As they neared the starship, Meg’s party heard the unexpected ringing sound of steel on steel, and as they cautiously entered the clearing they found Harold kneeling on the ground in front of a large stone boulder which he had rolled from the surrounding bush with the aid of some saplings whose broken remains now littered the ground around him. He was engaged in carving letters on the stone, and had already carved the name ‘Guinevere’. Chalked beneath it were the letters ‘RIP’, and he was just beginning on the ‘R’ as they arrived. Meg, Rocky and Marine dismounted, and Meg said ‘See if you can find some Slarnstaffs,’ and as Marine and Rocky hastened off into the darkness of the starship, she hunkered down alongside Harold and nodded at the carved stone. ‘That’s nice.’ He continued his work, and she waited, until finally her silence drew more words from him. ‘She’s dead and nobody cares,’ he said.
‘Harold, we all care.’
‘Yeah?
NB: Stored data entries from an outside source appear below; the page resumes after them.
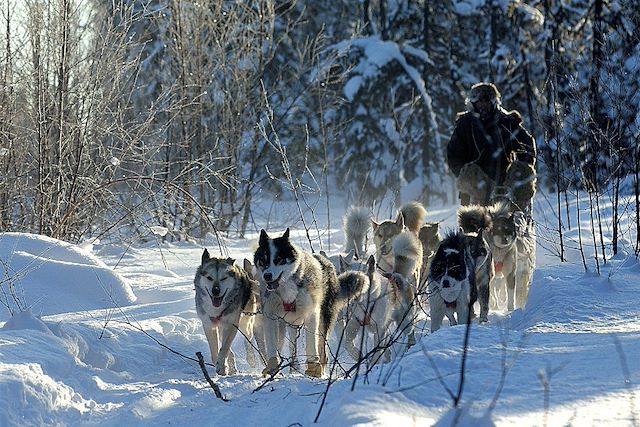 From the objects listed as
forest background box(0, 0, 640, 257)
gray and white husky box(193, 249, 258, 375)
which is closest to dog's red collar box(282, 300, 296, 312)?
gray and white husky box(193, 249, 258, 375)

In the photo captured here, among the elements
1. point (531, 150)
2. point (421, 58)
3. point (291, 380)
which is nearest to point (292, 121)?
point (421, 58)

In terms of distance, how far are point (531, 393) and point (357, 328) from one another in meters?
3.16

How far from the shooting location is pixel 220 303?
6.14 meters

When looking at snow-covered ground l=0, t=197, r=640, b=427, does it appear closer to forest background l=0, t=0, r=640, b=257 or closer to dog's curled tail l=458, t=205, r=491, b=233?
dog's curled tail l=458, t=205, r=491, b=233

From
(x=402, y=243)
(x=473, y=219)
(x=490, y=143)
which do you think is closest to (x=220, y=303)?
(x=402, y=243)

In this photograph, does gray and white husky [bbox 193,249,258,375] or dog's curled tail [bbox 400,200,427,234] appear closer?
gray and white husky [bbox 193,249,258,375]

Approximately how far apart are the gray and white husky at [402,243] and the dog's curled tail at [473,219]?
0.44 m

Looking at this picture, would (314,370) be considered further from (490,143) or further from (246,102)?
(246,102)

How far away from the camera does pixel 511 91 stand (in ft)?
84.7

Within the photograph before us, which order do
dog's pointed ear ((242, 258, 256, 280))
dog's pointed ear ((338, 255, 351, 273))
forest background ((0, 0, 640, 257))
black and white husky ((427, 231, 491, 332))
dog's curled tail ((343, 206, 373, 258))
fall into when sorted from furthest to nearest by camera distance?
dog's curled tail ((343, 206, 373, 258))
forest background ((0, 0, 640, 257))
dog's pointed ear ((338, 255, 351, 273))
dog's pointed ear ((242, 258, 256, 280))
black and white husky ((427, 231, 491, 332))

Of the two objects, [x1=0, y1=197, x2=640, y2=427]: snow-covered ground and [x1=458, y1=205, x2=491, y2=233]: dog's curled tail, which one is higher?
[x1=458, y1=205, x2=491, y2=233]: dog's curled tail

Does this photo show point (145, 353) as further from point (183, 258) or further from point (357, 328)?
point (183, 258)

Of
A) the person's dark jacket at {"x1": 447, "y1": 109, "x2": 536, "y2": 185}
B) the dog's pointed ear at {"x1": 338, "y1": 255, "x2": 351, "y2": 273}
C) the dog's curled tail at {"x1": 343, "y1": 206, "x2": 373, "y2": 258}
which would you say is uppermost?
the person's dark jacket at {"x1": 447, "y1": 109, "x2": 536, "y2": 185}

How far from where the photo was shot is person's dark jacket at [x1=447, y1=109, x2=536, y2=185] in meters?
9.01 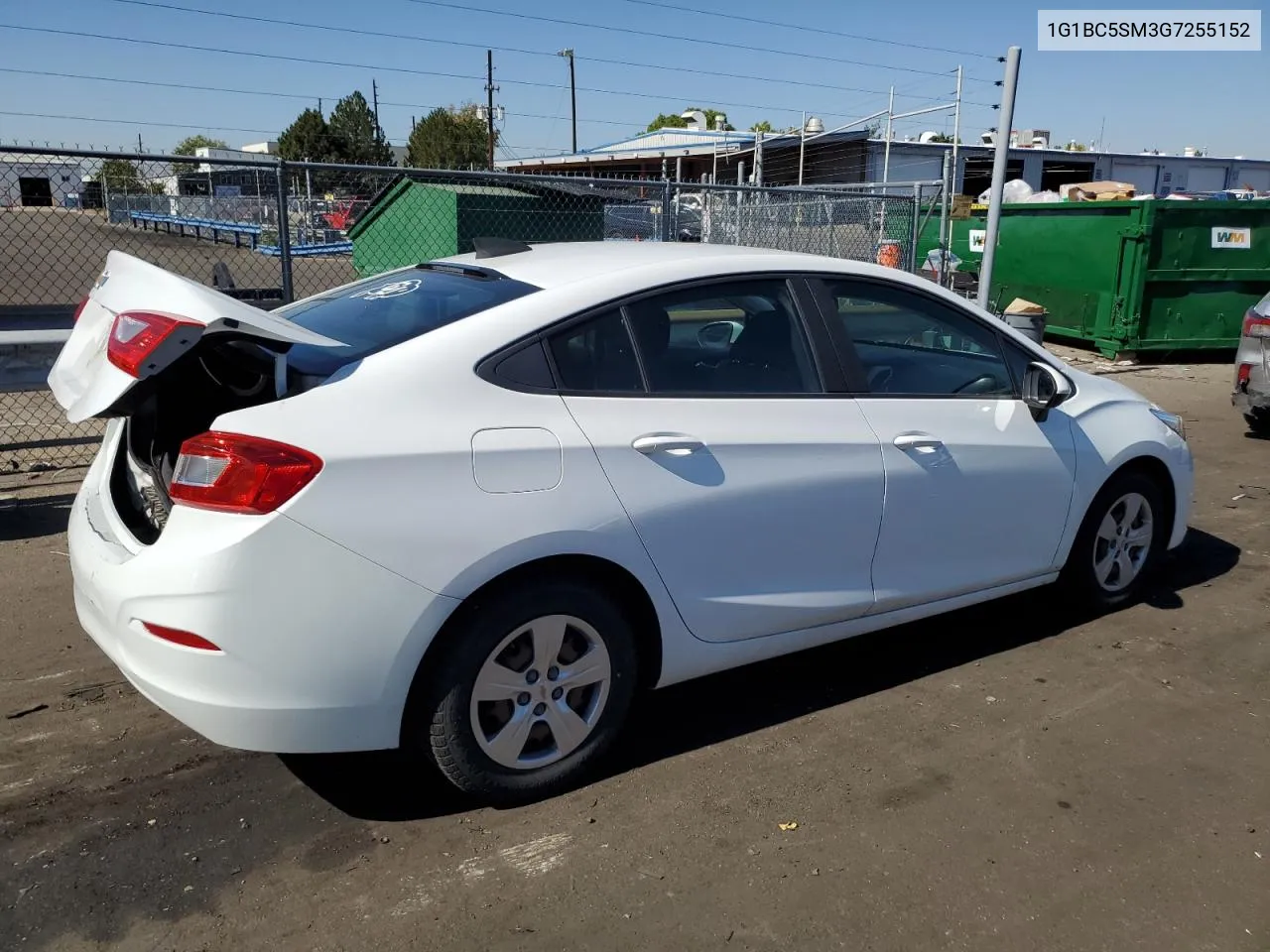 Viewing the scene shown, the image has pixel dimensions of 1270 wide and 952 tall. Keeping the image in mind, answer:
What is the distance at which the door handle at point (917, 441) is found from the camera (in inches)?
148

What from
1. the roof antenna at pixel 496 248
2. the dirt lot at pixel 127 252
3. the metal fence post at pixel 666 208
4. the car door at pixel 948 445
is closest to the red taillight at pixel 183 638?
the roof antenna at pixel 496 248

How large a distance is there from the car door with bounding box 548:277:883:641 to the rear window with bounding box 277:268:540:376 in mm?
335

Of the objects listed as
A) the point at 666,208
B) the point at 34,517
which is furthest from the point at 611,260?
the point at 666,208

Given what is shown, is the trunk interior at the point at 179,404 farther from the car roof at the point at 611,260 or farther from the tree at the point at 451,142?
the tree at the point at 451,142

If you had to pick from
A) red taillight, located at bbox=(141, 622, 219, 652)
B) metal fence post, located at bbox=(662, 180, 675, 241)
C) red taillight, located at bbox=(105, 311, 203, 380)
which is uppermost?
metal fence post, located at bbox=(662, 180, 675, 241)

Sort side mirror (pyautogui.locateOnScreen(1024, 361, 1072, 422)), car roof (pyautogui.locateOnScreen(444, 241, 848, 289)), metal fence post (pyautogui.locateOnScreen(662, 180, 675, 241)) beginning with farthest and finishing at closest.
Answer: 1. metal fence post (pyautogui.locateOnScreen(662, 180, 675, 241))
2. side mirror (pyautogui.locateOnScreen(1024, 361, 1072, 422))
3. car roof (pyautogui.locateOnScreen(444, 241, 848, 289))

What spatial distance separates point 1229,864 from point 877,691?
133cm

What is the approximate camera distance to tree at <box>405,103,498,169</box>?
65300 mm

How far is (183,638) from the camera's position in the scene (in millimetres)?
2676

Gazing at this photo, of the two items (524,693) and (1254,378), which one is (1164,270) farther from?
(524,693)

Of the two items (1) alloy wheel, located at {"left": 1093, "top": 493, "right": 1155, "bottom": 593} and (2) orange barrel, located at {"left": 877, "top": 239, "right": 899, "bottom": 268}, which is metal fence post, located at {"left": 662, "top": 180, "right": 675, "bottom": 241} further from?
(1) alloy wheel, located at {"left": 1093, "top": 493, "right": 1155, "bottom": 593}

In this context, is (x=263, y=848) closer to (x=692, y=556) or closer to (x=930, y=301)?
(x=692, y=556)

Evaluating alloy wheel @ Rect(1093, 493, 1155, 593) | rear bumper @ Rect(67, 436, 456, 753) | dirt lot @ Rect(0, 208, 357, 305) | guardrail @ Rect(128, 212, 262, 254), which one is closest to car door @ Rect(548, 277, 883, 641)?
rear bumper @ Rect(67, 436, 456, 753)

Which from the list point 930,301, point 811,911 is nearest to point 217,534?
point 811,911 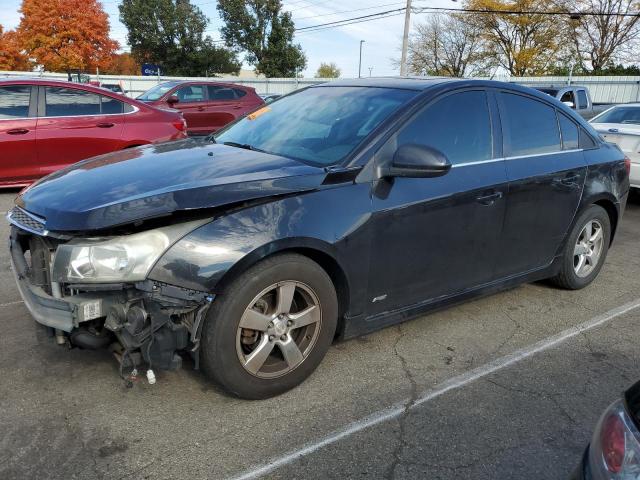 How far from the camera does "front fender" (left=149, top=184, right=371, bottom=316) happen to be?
2463 millimetres

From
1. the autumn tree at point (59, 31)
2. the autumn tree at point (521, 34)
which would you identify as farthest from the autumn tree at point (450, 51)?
the autumn tree at point (59, 31)

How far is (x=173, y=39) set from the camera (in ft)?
169

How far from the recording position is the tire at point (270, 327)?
2562mm

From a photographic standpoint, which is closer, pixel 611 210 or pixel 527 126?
pixel 527 126

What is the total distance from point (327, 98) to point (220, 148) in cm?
86

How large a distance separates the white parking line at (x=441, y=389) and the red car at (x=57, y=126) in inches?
211

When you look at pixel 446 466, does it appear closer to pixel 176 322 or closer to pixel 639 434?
pixel 639 434

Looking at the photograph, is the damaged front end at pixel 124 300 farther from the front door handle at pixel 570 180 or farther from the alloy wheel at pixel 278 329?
the front door handle at pixel 570 180

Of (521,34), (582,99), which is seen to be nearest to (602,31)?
(521,34)

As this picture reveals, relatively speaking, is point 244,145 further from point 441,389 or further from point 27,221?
point 441,389

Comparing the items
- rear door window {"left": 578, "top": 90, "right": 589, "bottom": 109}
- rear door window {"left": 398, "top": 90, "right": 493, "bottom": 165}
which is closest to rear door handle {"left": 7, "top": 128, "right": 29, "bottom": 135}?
rear door window {"left": 398, "top": 90, "right": 493, "bottom": 165}

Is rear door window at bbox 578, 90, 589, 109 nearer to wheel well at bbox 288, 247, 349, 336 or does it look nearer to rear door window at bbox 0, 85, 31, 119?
rear door window at bbox 0, 85, 31, 119

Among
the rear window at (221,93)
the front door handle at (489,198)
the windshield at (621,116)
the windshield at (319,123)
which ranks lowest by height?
the front door handle at (489,198)

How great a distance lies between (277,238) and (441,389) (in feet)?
4.24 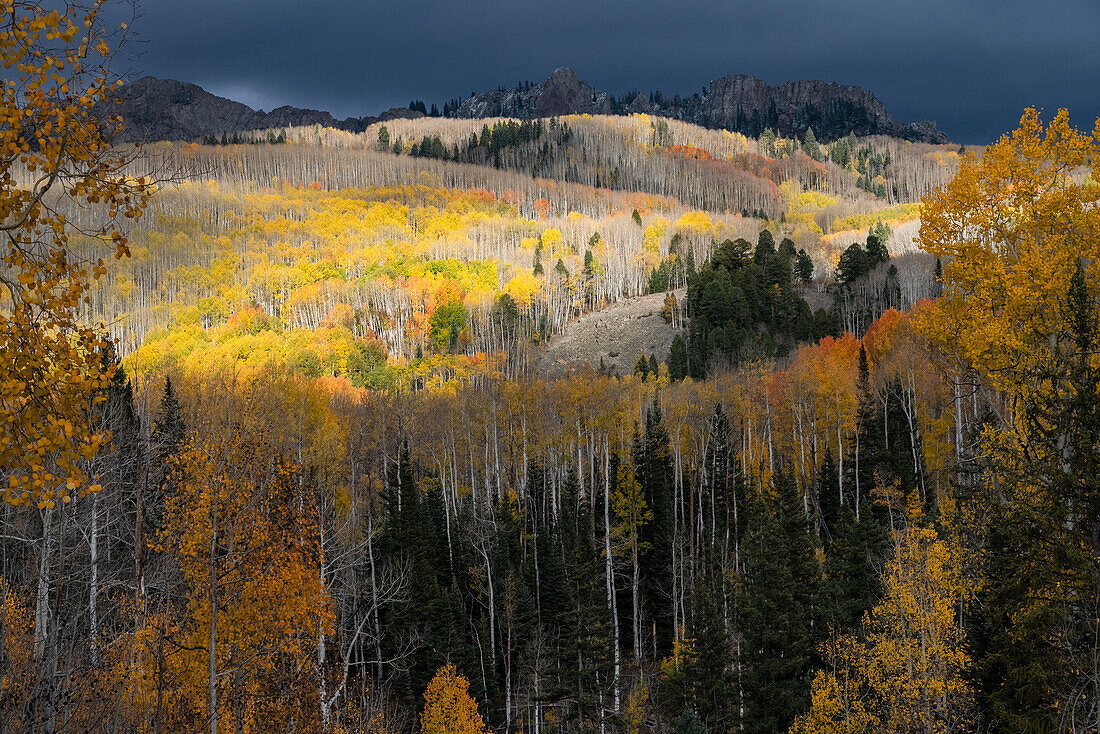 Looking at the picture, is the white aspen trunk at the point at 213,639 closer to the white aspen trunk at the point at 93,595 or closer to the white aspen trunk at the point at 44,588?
the white aspen trunk at the point at 44,588

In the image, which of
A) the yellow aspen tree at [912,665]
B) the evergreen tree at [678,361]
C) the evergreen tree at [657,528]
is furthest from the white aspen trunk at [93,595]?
the evergreen tree at [678,361]

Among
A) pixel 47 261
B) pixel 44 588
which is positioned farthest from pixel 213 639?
pixel 47 261

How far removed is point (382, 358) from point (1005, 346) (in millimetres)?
102711

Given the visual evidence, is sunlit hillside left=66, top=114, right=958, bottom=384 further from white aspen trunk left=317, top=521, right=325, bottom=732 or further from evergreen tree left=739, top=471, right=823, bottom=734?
evergreen tree left=739, top=471, right=823, bottom=734

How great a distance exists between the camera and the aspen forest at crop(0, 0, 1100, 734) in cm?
1146

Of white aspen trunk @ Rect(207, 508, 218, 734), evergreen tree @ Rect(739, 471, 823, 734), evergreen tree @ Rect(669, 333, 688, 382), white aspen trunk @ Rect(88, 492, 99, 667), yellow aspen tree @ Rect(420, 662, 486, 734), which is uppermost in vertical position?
white aspen trunk @ Rect(207, 508, 218, 734)

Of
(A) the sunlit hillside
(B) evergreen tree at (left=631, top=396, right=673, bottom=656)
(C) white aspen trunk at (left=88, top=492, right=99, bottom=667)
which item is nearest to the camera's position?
(C) white aspen trunk at (left=88, top=492, right=99, bottom=667)

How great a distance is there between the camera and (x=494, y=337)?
11544cm

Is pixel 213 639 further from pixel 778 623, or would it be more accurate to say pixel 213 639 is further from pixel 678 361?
pixel 678 361

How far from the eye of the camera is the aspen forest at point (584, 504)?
11.5m

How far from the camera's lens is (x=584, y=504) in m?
53.3

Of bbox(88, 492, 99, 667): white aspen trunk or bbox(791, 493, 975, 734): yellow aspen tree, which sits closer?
bbox(88, 492, 99, 667): white aspen trunk

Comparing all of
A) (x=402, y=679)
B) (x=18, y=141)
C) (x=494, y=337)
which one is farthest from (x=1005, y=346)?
(x=494, y=337)

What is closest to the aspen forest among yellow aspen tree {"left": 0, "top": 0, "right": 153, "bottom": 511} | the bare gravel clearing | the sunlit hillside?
yellow aspen tree {"left": 0, "top": 0, "right": 153, "bottom": 511}
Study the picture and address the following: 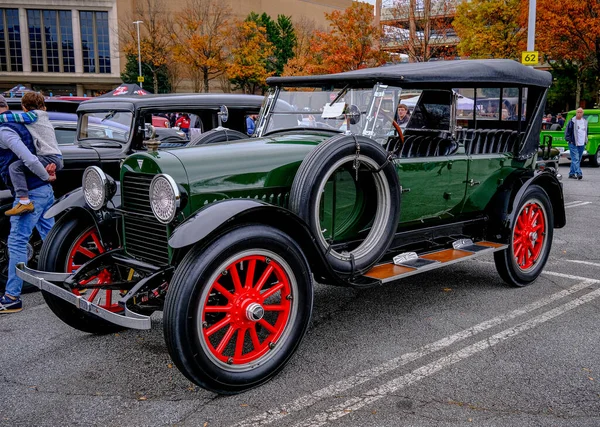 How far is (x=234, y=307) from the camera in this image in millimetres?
3539

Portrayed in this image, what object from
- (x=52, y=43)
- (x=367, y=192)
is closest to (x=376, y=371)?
(x=367, y=192)

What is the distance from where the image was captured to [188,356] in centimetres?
321

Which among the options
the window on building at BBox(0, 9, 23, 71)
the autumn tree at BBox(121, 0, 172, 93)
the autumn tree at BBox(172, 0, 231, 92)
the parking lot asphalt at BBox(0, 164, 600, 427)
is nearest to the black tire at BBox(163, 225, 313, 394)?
the parking lot asphalt at BBox(0, 164, 600, 427)

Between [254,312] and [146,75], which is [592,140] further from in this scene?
[146,75]

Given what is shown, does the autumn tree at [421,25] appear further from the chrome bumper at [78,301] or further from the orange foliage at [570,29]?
the chrome bumper at [78,301]

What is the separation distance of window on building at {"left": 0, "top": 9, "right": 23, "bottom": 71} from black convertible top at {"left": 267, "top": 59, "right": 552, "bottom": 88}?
60108mm

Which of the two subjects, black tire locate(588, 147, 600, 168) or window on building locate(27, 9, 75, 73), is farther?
window on building locate(27, 9, 75, 73)

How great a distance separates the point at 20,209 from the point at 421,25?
25659mm

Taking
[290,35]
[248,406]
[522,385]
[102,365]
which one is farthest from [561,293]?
[290,35]

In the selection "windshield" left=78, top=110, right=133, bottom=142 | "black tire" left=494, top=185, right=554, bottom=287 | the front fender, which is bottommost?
"black tire" left=494, top=185, right=554, bottom=287

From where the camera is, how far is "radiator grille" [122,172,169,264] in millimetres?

You’re fixed up with the Don, Zoe’s with her sister, Zach didn’t think I was up to helping him …’
‘Look at me.’
He looked at her, dry-eyed and angry and then returned to his work. ‘We don’t know her second name, we don’t know what year she was born, we know nothing.’
‘And none of that makes her less of a wonderful person than the one we knew. But she’s dead, and now we’re trying to help the living, just as she would have. We have to evacuate this area, find a way past hostile tribes, and I thought you might want to help us in that.’